[Data entries]
----------------------------------------

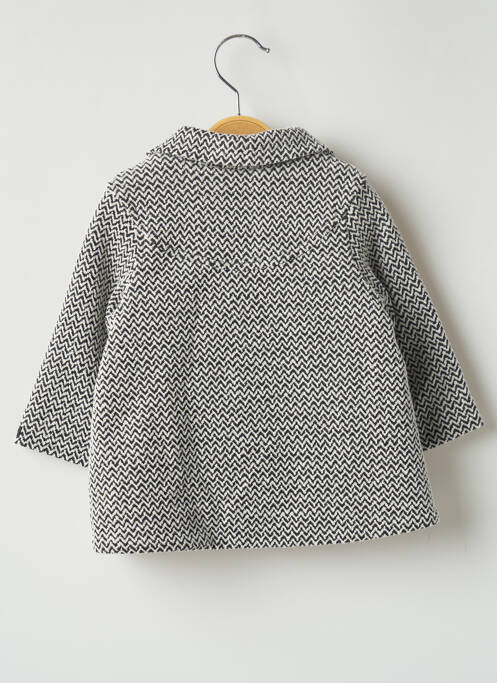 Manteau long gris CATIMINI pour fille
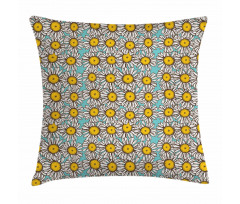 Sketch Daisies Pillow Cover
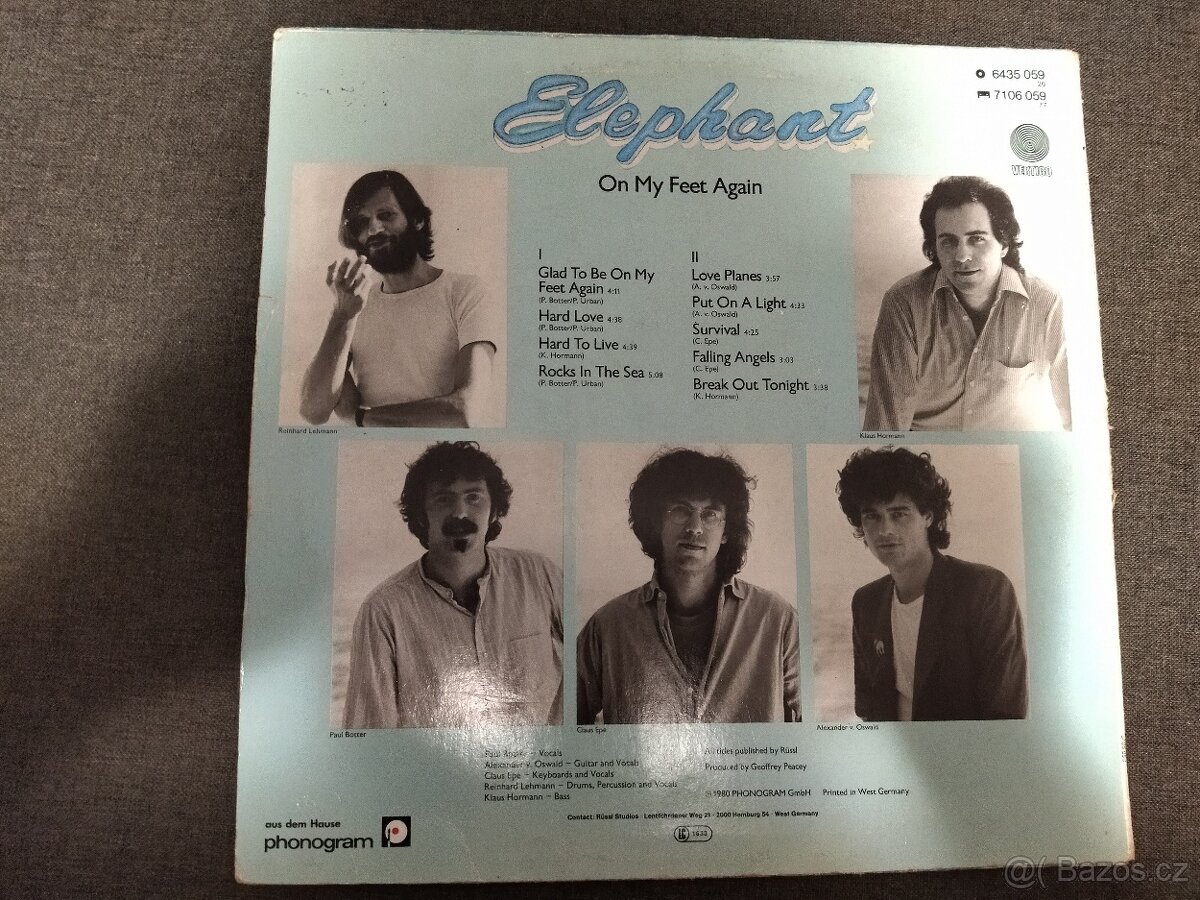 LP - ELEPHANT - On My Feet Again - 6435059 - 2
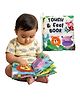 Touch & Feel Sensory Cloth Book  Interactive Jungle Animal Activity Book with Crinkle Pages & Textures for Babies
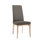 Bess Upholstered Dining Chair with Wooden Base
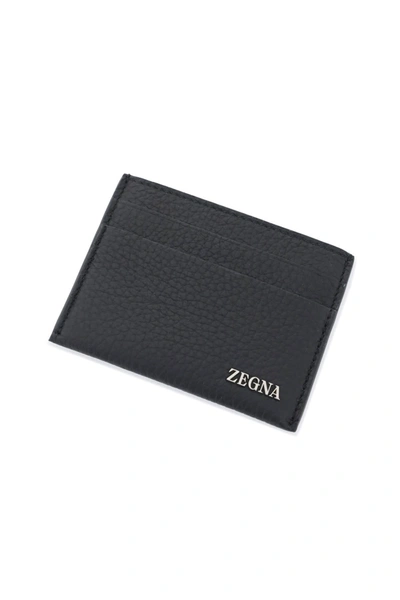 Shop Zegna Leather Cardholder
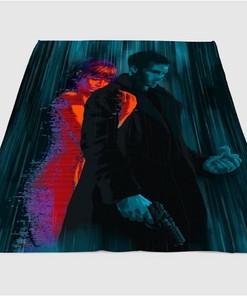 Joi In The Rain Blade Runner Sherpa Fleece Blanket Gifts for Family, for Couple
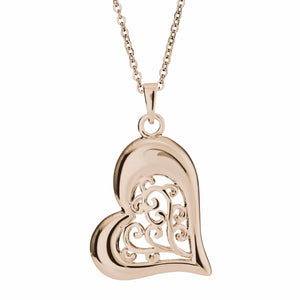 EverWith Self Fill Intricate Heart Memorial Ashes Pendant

----------------------------------------

Task details: Please give all of the data again, exact and free of pictures.

Answer:
 Manteau long gris CATIMINI pour fille
 Sketch Daisies Pillow Cover
 LP - ELEPHANT - On My Feet Again - 6435059 - 2
 Touch & Feel Sensory Cloth Book  Interactive Jungle Animal Activity Book with Crinkle Pages & Textures for Babies
 Bess Upholstered Dining Chair with Wooden Base
 Shop Zegna Leather Cardholder
 Joi In The Rain Blade Runner Sherpa Fleece Blanket Gifts for Family, for Couple
 EverWith Self Fill Intricate Heart Memorial Ashes Pendant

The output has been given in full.